As a longtime fan of Christmas, I find this time of year a bit hard to handle. It’s at least two months before we start hearing tinny renditions of Here Comes Santa Claus while frantically running around the shops preparing for (as Bridget Jones calls it) the annual Taste-Of-Others exam.
Thankfully, this is where Christmas in July comes in. A fun way to celebrate Christmas in the middle of the year without the usual chaos, it’s particularly special for us Southern Hemispherians who want to enjoy a more ‘authentic’ cold-weather Christmas. This means roast turkey, hot cocoa and… the best bit…. Ugly Christmas Jumpers (or sweaters, for those joining us from North America).
Here is a pictorial journey through our favourite Ugly Christmas Jumpers.
Beer belly
Any vest that allows you to carry at least five drinks at one time is a winner in my books.
From Russia with love.
Who wouldn’t want to see a buff Vladmir Putin riding a red-nosed reindeer?
Christmas Tree Transformer
This one is simple to execute.
Step 1: Get a dark green jumper and decorate it with baubles and tinsel.
Step 2: Find a star and hold it in one hand.
Step 3: Put your hands up in the air.
Voila, you’re a Christmas tree!
This amazing feat of robotics will have even the most resourceful of Transformers asking themselves “Why didn’t I think of that??”
More importantly, this Christmas jumper might inspire others to throw presents under your ‘tree’…. including the guy below…
God’s gift to women
Light up the room with your smile…
…unless you can’t be bothered, in which case, use this LED-lit Christmas jumper instead.
Regurgitating Rudolph
This cutesy pair of jumpers elegantly illustrates the aftermath of Rudolph’s Christmas overindulgence.
Finally. A jumper that combines the joy of Christmas with drinking-game chic.
Though if you’re a poor shot, you might wake up the next morning feeling like this…
The accidentally sexy outfit
Given the clear directive of “Dress Code – UGLY Christmas jumper”, there’s always that one person who ‘misunderstands’ the brief and turns up in the following.
(PS. You know who you are).
Mirror image
This clever idea replaces the elf’s face with a mirror so that other people can ‘complete’ your sweater.

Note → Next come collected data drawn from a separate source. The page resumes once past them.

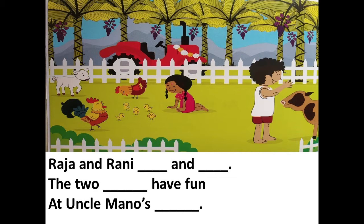Now I want you to try and read the words on your own, and after I finish this page I will show you the missing word. Raja and Rani dash and dash, the two dash have fun at uncle Mano's dash. I have read the first page leaving a few words.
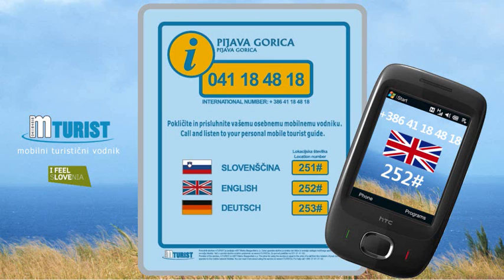The frescoes discovered in the presbytery, with a few preserved scenes and the angels on the ceiling, are the work of a Gothic painter, Janis Ljubljanski. They were allegedly painted in 1456. These frescoes are among the best examples of 15th century wall painting in Slovenia, therefore this church is a cultural monument of local importance.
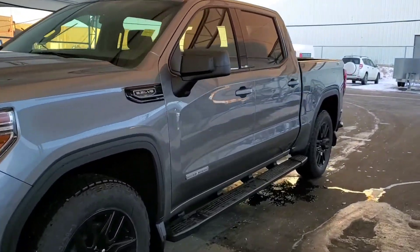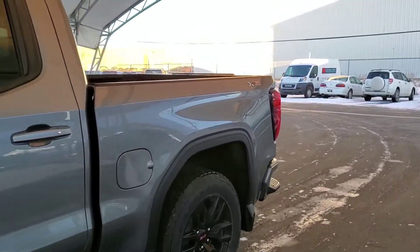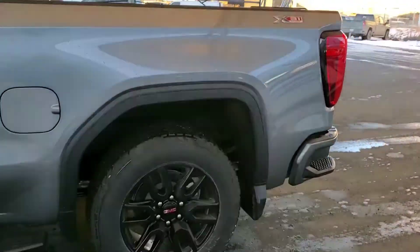Welcome to Davis Chevrolet. This is a brand new 2021 GMC Sierra 1500 in gray.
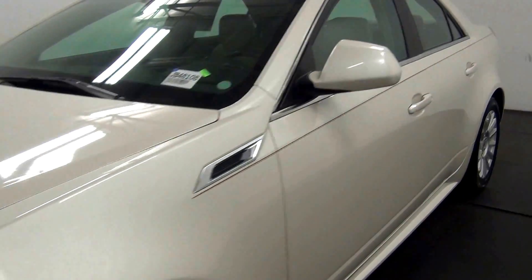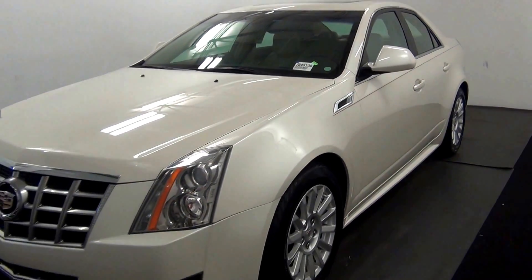Now we'll complete the walk around. This is the 2013 Cadillac CTS. Thank you for choosing Hennessy.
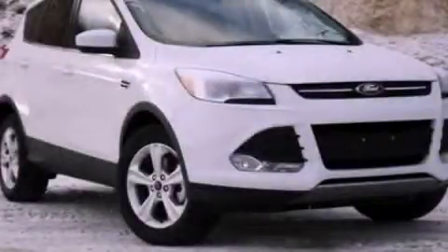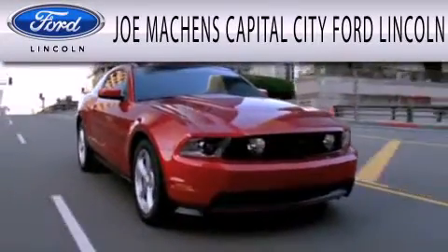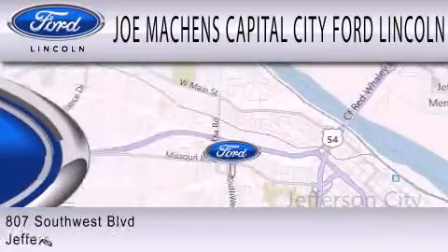Stop by today and test drive this automobile for yourself. Joe Mockens Capital City Ford Lincoln is dedicated to doing everything possible to ensure the experience you have selecting your next vehicle is as pleasant as possible.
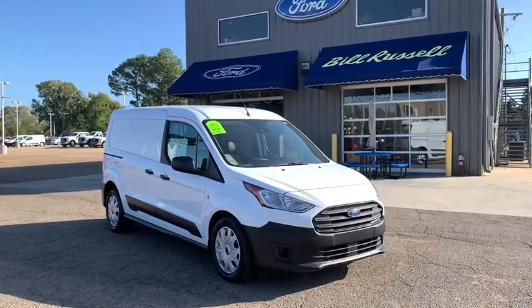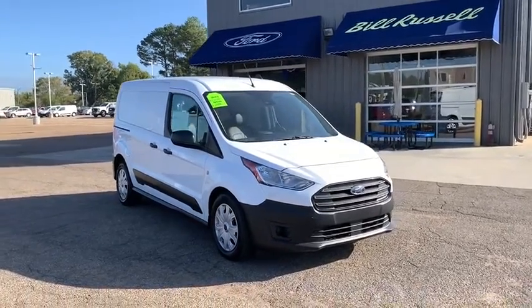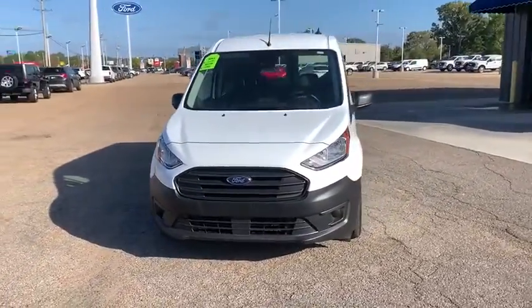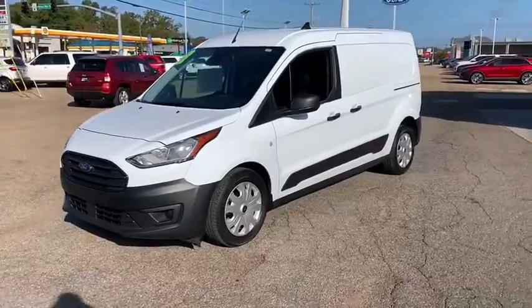Stop by and take a look at the 2019 Ford Transit Connect. Ford Transit — the right size the whole world round. This vehicle has less than 30,000 miles.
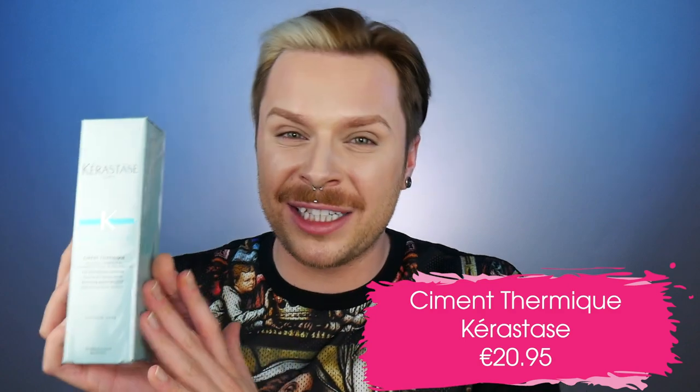The next heat protector is Cement Thermique by Kerastase. The Thermique range in general is a line of heat-protecting leave-in milks by Kerastase. Cement Thermique is for hair that is weakened and damaged — it will treat and protect the hair for up to 180 degrees Celsius. It will reconstruct, reinforce and resurface the hair fibre, and the hair feels absolutely fabulous. This product is not heavy on the hair. If your hair is bleached or quite damaged and you need that extra care, Cement Thermique is probably the best heat protector for you if you blow-dry. It will also speed up the blow-drying time by half.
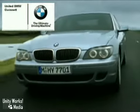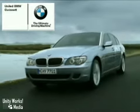Welcome to United BMW of Gwinnett. There's no better place in Georgia to buy a BMW. Here's the one for you.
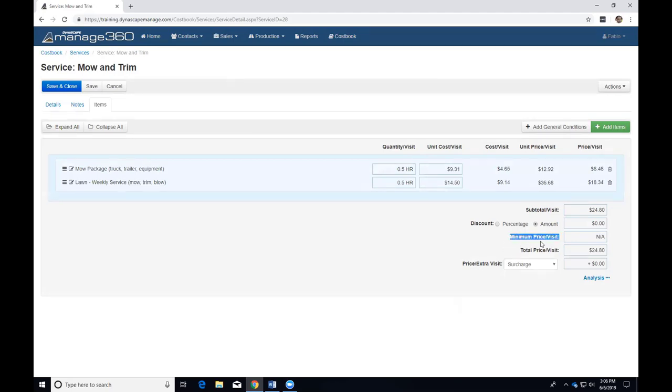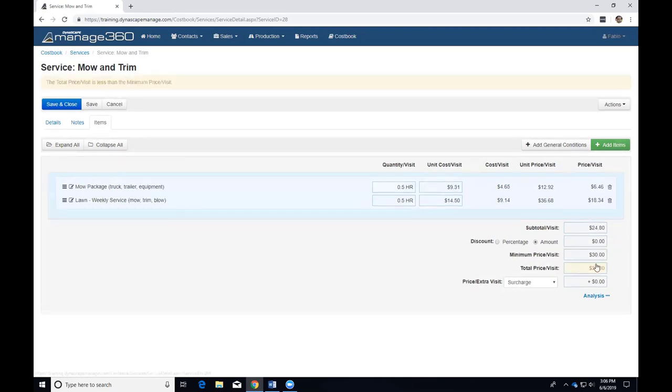I want to use the minimum price feature here. Based on half an hour of work and my cost book pricing, it calculates $25. I want to set a minimum price of $30. When the price of the service is less than the minimum, it's highlighted yellow and a warning appears at the top: 'total price is less than the minimum.' This is just a warning — Manage will allow you to keep it below the minimum. The same warning will appear on the estimate as well, so you're aware. You can choose to ignore the warning — for example, for a long-time customer you're giving a deal.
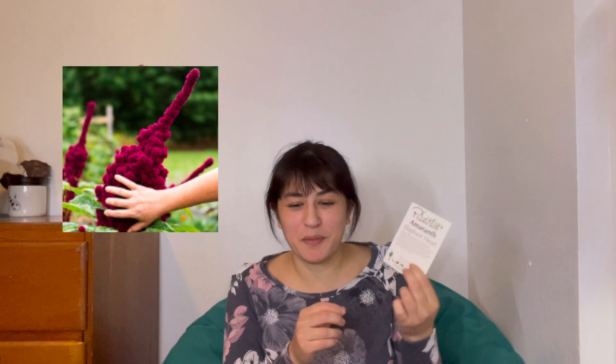Then I got this ornamental grass called Twister Grass — maybe it's Juncus, spelled J-U-N-C-U-S. It's a perennial grass and it grows in a little twist. It's pretty cool.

Wear this to your office Xmas-in-July party* and be prepared to have your workmates staring intently at your chest.
*Sadly, I could never make this sweater truly ugly because all my colleagues are extremely good-looking. I also hope they’re all reading this.
Get it off my chest
Why settle for having people simply look at your chest, when they can paw at it too?
This sweater allows you to spread sweetness and joy to your colleagues, while also providing some much-needed amusement for the HR department.